So this is the third time I am writing this, as the WordPress site continues to delete my work even after saving a draft!
As you may know I have been working on Envision outputs, trying to compare resulting datasets in terms of property values and expected flooding and erosion impacts over the next 90 years in Rockaway Beach, Oregon. My original dataset was split into Individual Decision Units (IDUs) with varying sizes and values.
As we’ve seen in my tutorial, small scaled interpolated data can then be upscaled to larger parcels, in this case tax lots. Using the Areal Interpolation tool I was able to create the following surface from my known points. It follows the general trends of the property values fairly well even if the data only moderately fits the model.
After hearing from that class that my data would be better transformed, I set my Values per SqFt to a log scale. The resulting surface was more clear, however, there are discrepancies between the known values for properties and their interpolated values. I have yet to figure out why this occurs, but I’m hesitant to use the newly created tax lot polygon values until I figure it out.
In the meantime I have decided to compare flooding and erosion results data from several time series: 2010, 2040, 2060, and 2100. To make these comparisons, I read up on and chose the tool Feature Compare which compares shapefiles based on an attribute or geometry. The tool needs parsed down data, so I created new shapefiles of properties solely affected by flooding or erosion through a series of definition queries and the export of new shapefiles. Once in the tool though, I started running into problems as it recognized differences in the attribute table (i.e. the number of rows0 but did nothing to note the differences on the map in coverage. I’ve been looking for a tool that would fit my needs elsewhere but have yet to come across it.

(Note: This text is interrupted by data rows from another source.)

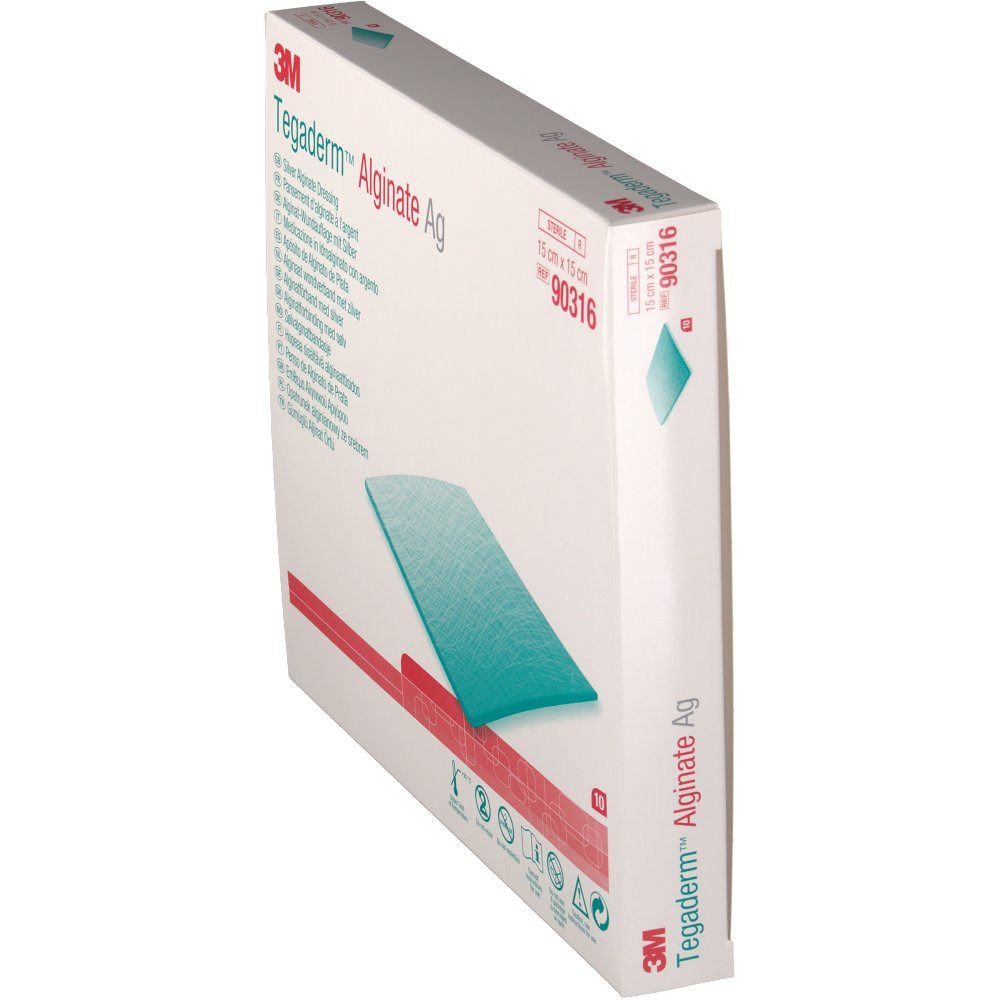 Vue latérale de la boîte 3M Tegaderm Alginate Ag. Pansement carré, 15 x 15 cm. Inscriptions : 3M, nom du produit, taille, numéro d'article.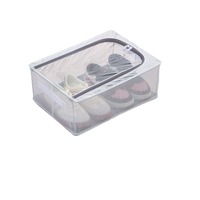 Boîte de rangement à chaussures pliable rectangulaire en tissu transparent Nexus Household, capacité 18L, empilable, double compartiment, avec couvercle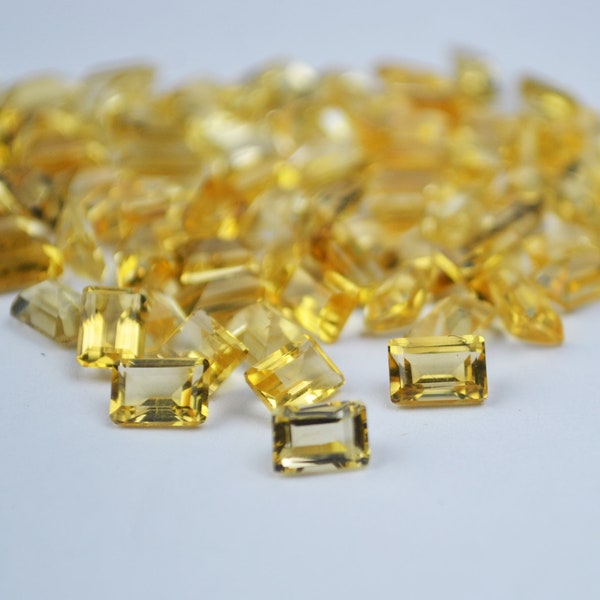 Faceted Citrine Gemstone: 5x7mm Octagon Cut, Loose Stone
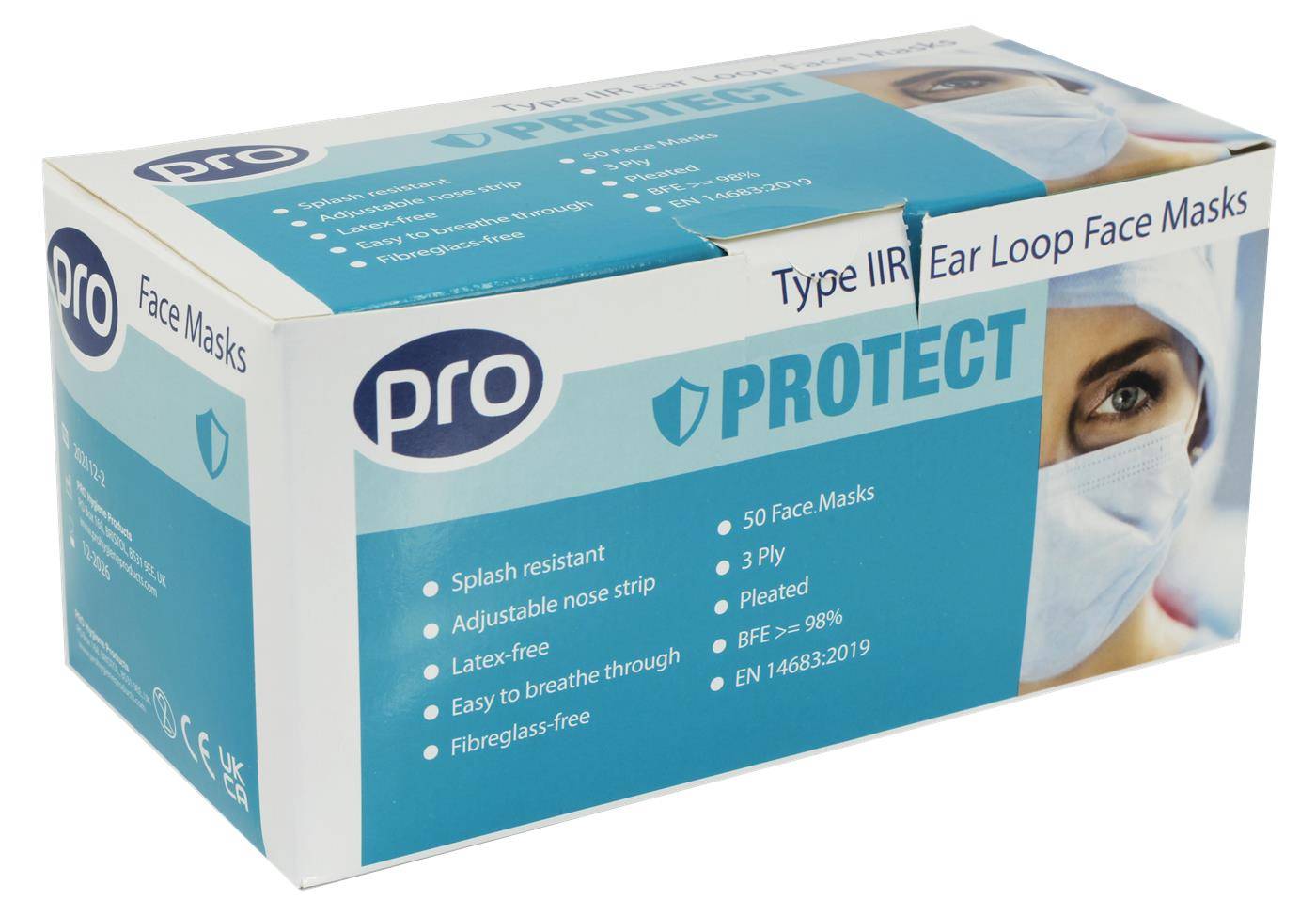 Маска за лице PRO Type IIR Ear Loop, устойчива на течности Опаковка от 50 бр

Instead I moved onto comparing hot spot locations to these areas of flooding and erosion. The hotspot analysis tool is pretty straight forward, and creates a new shapefile of GiZscores which rank the property values based on their standard deviations away from mean. The hot colors denote greater positive standard deviations.
Again, I used the intersect tool to find the areas of greatest property value and greatest extent of damage. I first intersected the erosion and flooding data over the course of the four times to find areas which are continually under “attack”.
Over the course of 90 years, only one subdivided tax lot was repeatable impacted by erosion. According to the Assessed Values for those properties, the three tax lots were at approximately $97,000. This kind of analysis could help determine if protection structures, such as revetments or beach nourishment, would be economically feasible. Similarly, flooding impacts a total of 44 tax lots over the course of 90 years. The total assessed values for the properties impacted is much higher, at about $3.1 million.
This is mostly due to the occurrence of flooding in the “hotspot” of Rockaway Beach. If only these “hotspot” areas (greater than one standard deviation away from the mean) only 16 properties are affected with a total loss of about $2.3million, or almost 75% of the $3.1 million total.
Overall, I’m not sure ArcGIS10.1 has the tools I need to perform the analysis I described above. As I become more comfortable with R, I hope to pull these datasets into the program and perform more statistical analysis. In the meantime, I will continue trying different ways to present the data and glean new insights.